* Material for the task *
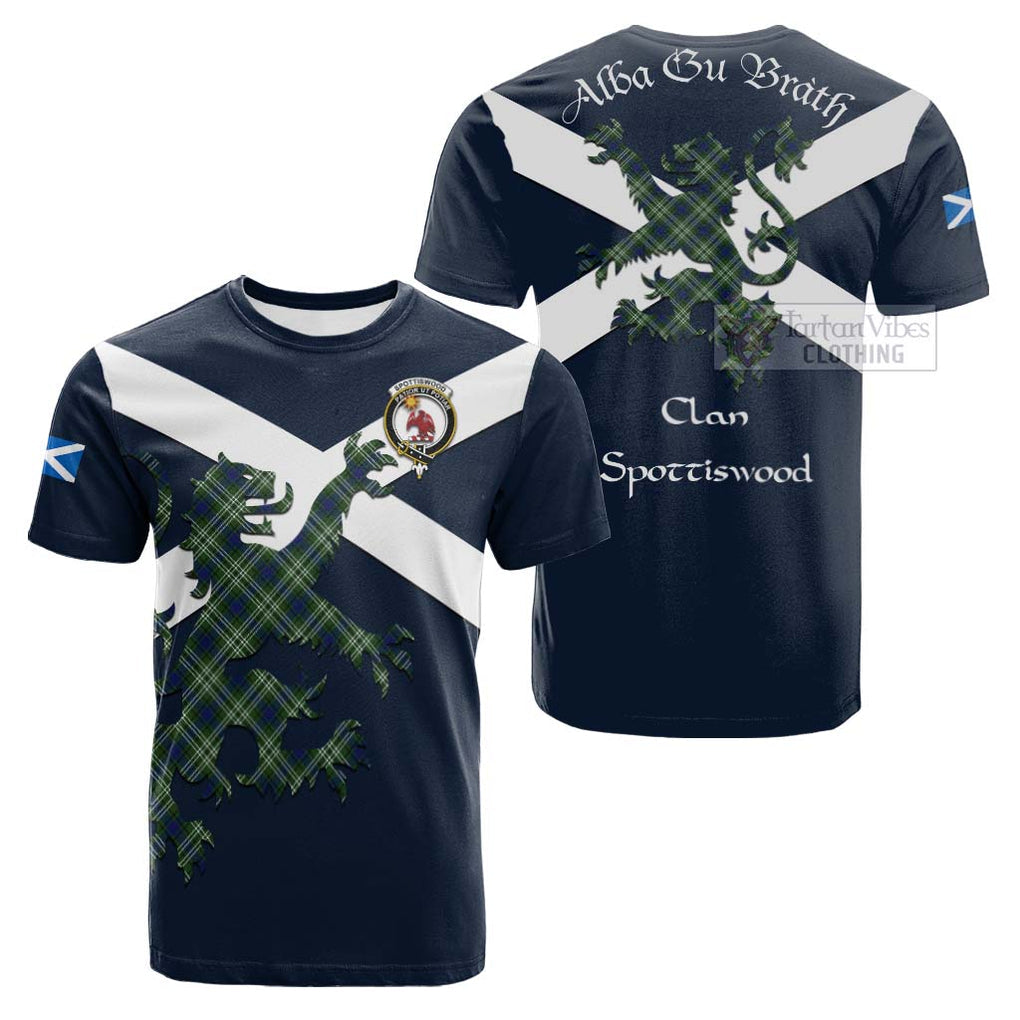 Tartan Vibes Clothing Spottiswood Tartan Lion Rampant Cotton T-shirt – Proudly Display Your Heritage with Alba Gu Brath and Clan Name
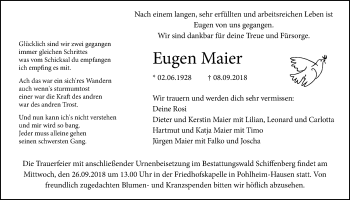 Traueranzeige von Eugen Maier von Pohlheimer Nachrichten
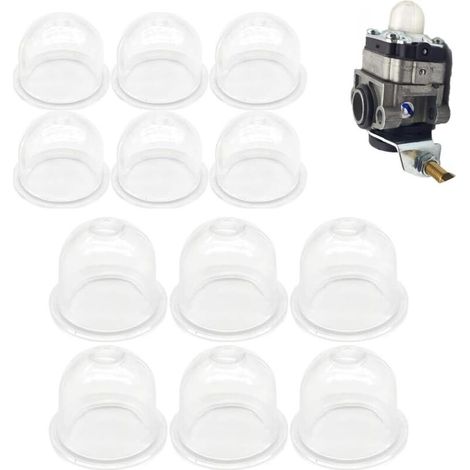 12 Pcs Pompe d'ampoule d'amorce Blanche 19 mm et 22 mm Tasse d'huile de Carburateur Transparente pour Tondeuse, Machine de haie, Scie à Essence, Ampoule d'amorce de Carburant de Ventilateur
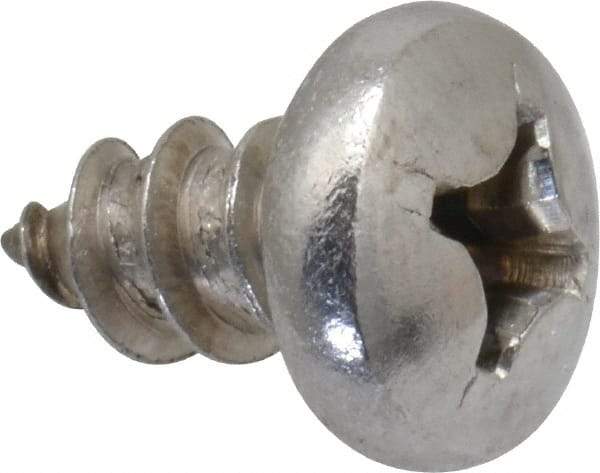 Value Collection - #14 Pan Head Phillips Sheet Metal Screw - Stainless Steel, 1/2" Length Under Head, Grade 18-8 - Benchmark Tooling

* * *

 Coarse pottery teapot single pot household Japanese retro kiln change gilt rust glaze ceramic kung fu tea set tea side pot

* Assignment *
In the listing above, find the line with "Tartan Vibes Clothing" and the line with "Value Collection - #14". Copy both of them and every line between, exactly, but not the pictures.

* Your response *
 Tartan Vibes Clothing Spottiswood Tartan Lion Rampant Cotton T-shirt – Proudly Display Your Heritage with Alba Gu Brath and Clan Name
 Traueranzeige von Eugen Maier von Pohlheimer Nachrichten
 12 Pcs Pompe d'ampoule d'amorce Blanche 19 mm et 22 mm Tasse d'huile de Carburateur Transparente pour Tondeuse, Machine de haie, Scie à Essence, Ampoule d'amorce de Carburant de Ventilateur
 Value Collection - #14 Pan Head Phillips Sheet Metal Screw - Stainless Steel, 1/2" Length Under Head, Grade 18-8 - Benchmark Tooling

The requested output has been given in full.